Assignment =
Every line of the data below should be retyped exactly, with no images carried over.

Recorded data =
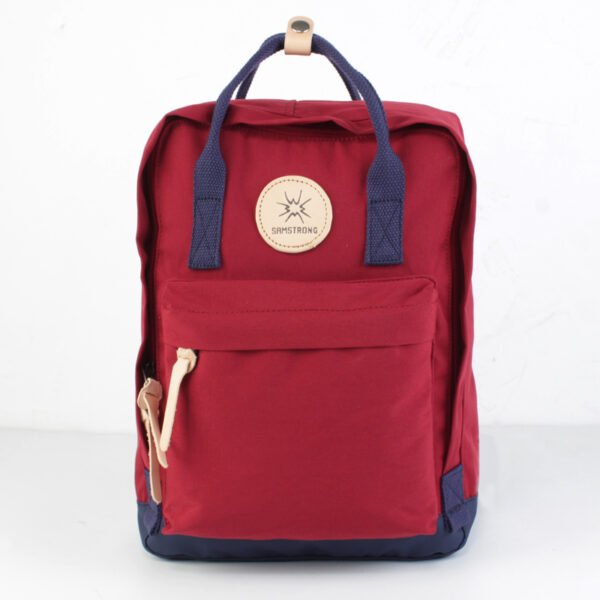 Japanese Academy Style Minimalist Large Capacity Canvas Waterproof Backpack - Image 3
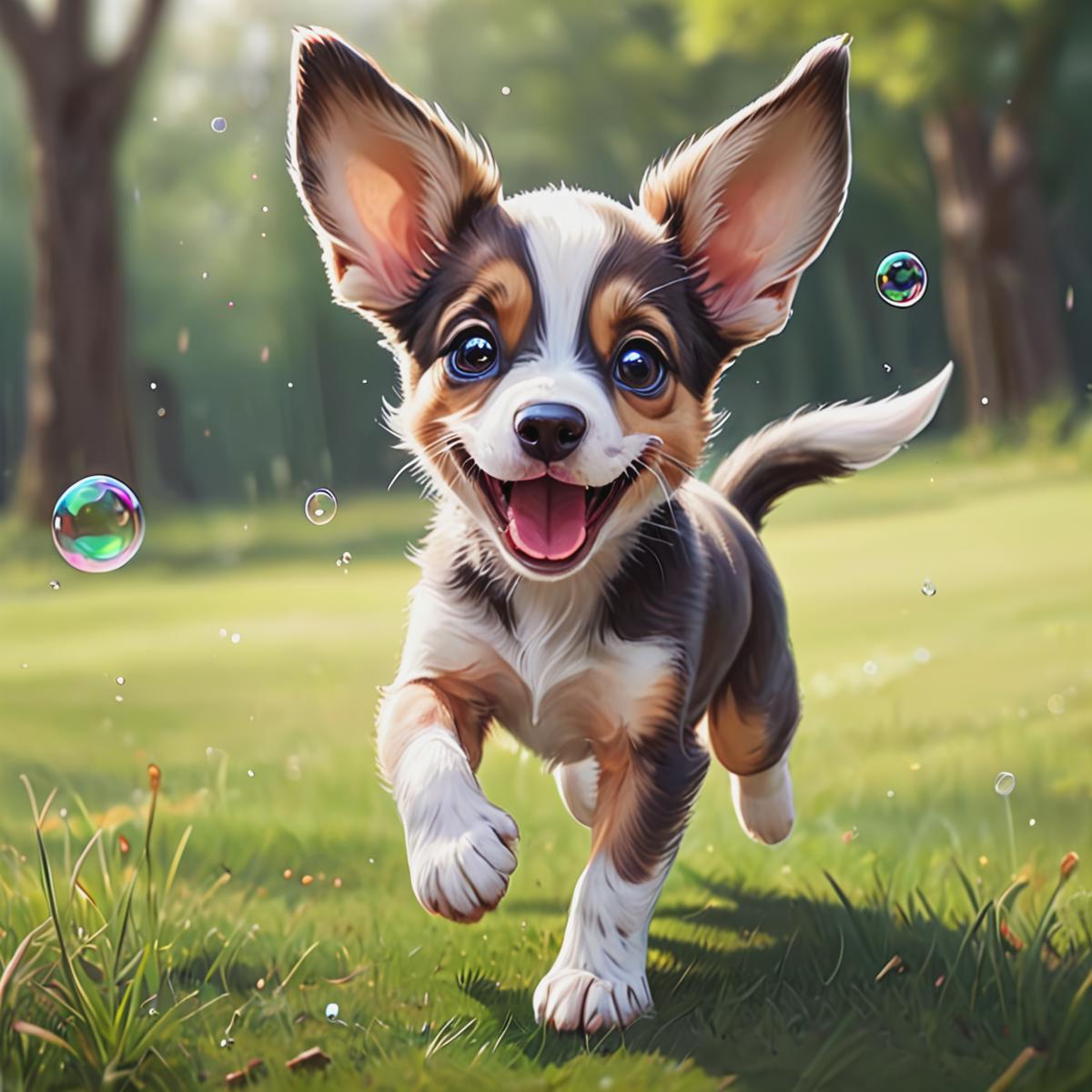 Adorable Corgi Dog Running in Field with Bubbles and Smiling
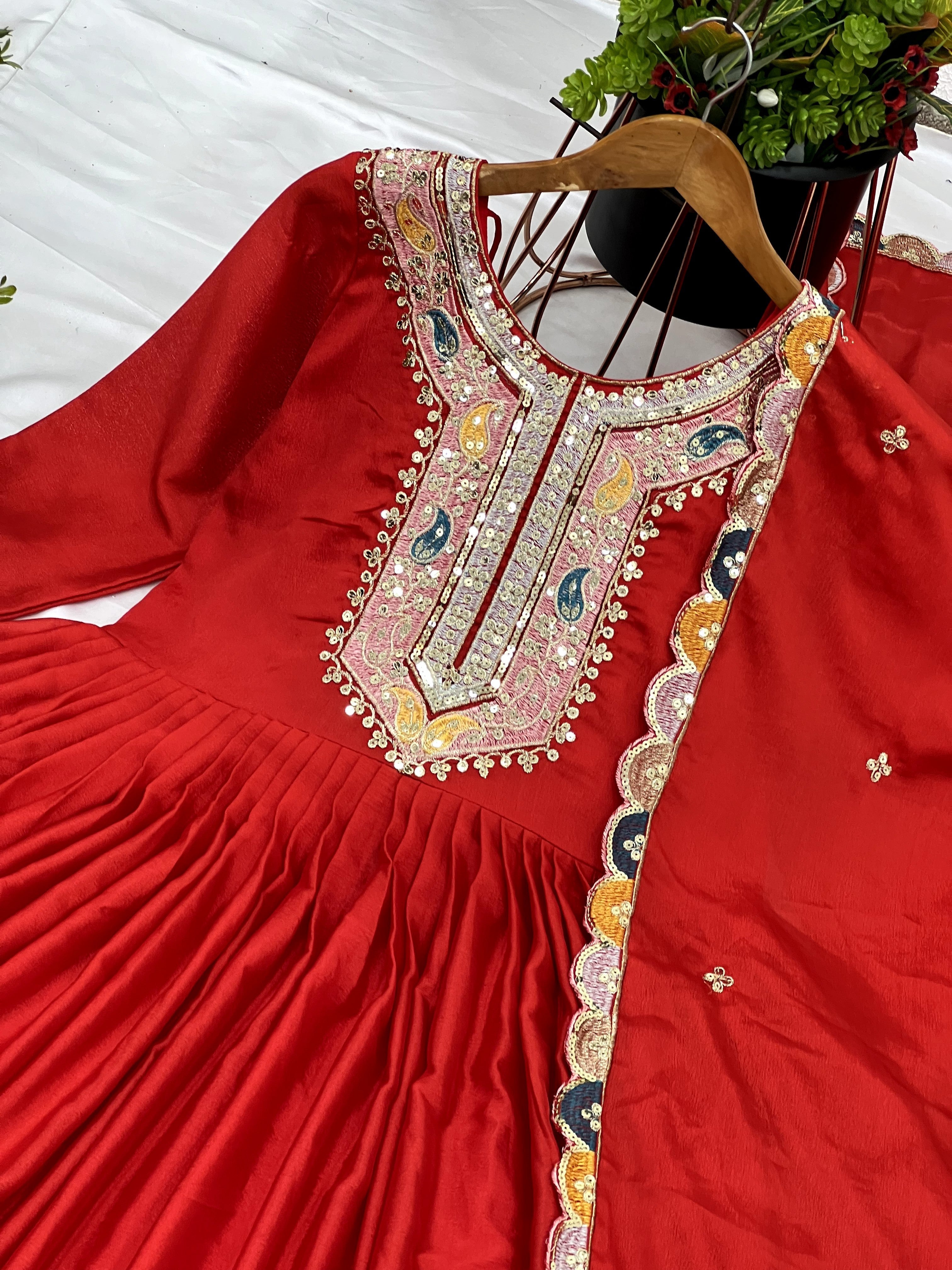 Graceful Embroidered Chinon Silk Fully Stitched Gown With Dupatta - Ethnicwish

Output =
 Japanese Academy Style Minimalist Large Capacity Canvas Waterproof Backpack - Image 3
 Adorable Corgi Dog Running in Field with Bubbles and Smiling
 Graceful Embroidered Chinon Silk Fully Stitched Gown With Dupatta - Ethnicwish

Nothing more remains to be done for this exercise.